← Back
Weaviate 1.36 introduces HFresh disk-based vector index for billion-scale deployments
· releasefeatureperformanceapi · weaviate.io ↗

HFresh Vector Index in Technical Preview

Weaviate v1.36 introduces HFresh, a new disk-based vector index inspired by the SPFresh algorithm, designed to scale to billions of vectors while keeping memory usage minimal. Unlike HNSW which requires all vectors in memory, HFresh divides vectors into small regions called postings stored on disk in an LSM store, with only a compact centroid index remaining in memory.

HFresh uses a two-stage search approach: first, an in-memory HNSW index over centroids identifies relevant vector regions, then corresponding postings are fetched from disk for detailed search. This architecture delivers significantly lower memory usage while maintaining predictable latency and I/O characteristics, making it ideal for cost-sensitive, large-scale deployments.

Key HFresh Features

  • Incremental updates without rebuilds — Most updates only affect small regions of vector space.

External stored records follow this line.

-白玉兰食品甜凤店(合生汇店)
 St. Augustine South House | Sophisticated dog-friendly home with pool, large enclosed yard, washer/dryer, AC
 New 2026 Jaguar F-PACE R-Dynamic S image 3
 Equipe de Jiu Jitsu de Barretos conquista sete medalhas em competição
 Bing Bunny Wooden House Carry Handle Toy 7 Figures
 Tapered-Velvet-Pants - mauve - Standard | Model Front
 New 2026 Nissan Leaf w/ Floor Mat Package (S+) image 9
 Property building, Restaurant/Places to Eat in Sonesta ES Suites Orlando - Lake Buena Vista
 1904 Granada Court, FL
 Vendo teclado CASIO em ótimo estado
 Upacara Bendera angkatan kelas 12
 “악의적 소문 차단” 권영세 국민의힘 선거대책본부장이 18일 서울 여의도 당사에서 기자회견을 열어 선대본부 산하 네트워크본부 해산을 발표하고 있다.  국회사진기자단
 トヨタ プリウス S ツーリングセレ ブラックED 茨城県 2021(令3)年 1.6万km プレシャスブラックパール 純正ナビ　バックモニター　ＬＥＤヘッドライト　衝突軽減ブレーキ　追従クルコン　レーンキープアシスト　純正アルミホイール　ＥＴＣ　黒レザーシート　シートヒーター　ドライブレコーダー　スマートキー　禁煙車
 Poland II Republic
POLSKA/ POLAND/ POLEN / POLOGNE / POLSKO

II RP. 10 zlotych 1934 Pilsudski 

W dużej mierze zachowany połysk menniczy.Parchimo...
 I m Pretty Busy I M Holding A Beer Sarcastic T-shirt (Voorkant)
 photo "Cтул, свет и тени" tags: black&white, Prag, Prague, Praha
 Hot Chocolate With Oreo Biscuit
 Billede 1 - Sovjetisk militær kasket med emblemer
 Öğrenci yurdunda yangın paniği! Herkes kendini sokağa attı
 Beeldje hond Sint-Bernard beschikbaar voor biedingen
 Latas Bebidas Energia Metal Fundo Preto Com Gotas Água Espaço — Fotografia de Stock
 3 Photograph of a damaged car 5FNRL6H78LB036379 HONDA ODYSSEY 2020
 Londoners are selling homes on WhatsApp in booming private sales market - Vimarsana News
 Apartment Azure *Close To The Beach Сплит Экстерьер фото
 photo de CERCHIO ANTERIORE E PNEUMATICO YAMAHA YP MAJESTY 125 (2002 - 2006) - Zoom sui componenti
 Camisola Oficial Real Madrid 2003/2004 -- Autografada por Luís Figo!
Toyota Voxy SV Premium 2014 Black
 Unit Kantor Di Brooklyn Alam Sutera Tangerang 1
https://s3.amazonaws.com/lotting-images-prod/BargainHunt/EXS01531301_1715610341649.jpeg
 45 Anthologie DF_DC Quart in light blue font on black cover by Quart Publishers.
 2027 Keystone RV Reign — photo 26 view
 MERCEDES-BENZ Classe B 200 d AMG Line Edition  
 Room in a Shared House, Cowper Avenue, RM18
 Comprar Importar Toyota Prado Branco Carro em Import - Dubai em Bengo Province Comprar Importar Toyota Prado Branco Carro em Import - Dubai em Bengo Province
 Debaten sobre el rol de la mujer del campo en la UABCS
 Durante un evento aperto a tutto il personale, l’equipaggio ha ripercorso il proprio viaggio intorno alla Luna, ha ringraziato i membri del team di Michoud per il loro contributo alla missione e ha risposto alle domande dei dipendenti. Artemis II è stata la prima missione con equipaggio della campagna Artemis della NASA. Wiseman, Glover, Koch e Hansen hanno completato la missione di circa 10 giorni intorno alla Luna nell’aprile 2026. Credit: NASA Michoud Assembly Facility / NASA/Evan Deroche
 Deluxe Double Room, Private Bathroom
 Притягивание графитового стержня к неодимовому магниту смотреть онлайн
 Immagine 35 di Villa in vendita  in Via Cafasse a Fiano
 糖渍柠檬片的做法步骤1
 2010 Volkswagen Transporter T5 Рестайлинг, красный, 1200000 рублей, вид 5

HFresh maintains index quality through incremental rebalancing rather than periodic full rebuilds.
  • Rotational Quantization (RQ) — RQ-8 compresses the centroid index (4x savings) while RQ-1 compresses on-disk postings (32x savings), enabling more vectors per disk read.
  • Tunable performance parameterssearchProbe, replicas, and maxPostingSizeKB allow fine-tuning of recall vs. latency tradeoffs.

HFresh currently supports only cosine and l2-squared distance metrics and is available as a technical preview—the API may change in future releases.

Five Features Reach General Availability

Five previously preview features are now generally available:

  • Server-side Batching — The server controls ingestion flow using persistent connections and dynamic backpressure through exponential moving average (EMA) calculations, eliminating manual batch size tuning.
  • Object TTL — Automatic expiration of objects based on configurable time-to-live policies.
  • Async Replication Improvements — Enhanced replication reliability and performance at scale.
  • Drop Inverted Indices — New schema alteration capability to remove inverted indices and reduce storage overhead.
  • Backup Restoration Cancellation — Ability to cancel ongoing backup restoration operations.

Performance Improvements and Community Contributions

The release includes multiple performance optimizations and bug fixes across the platform, with contributions from the Weaviate community.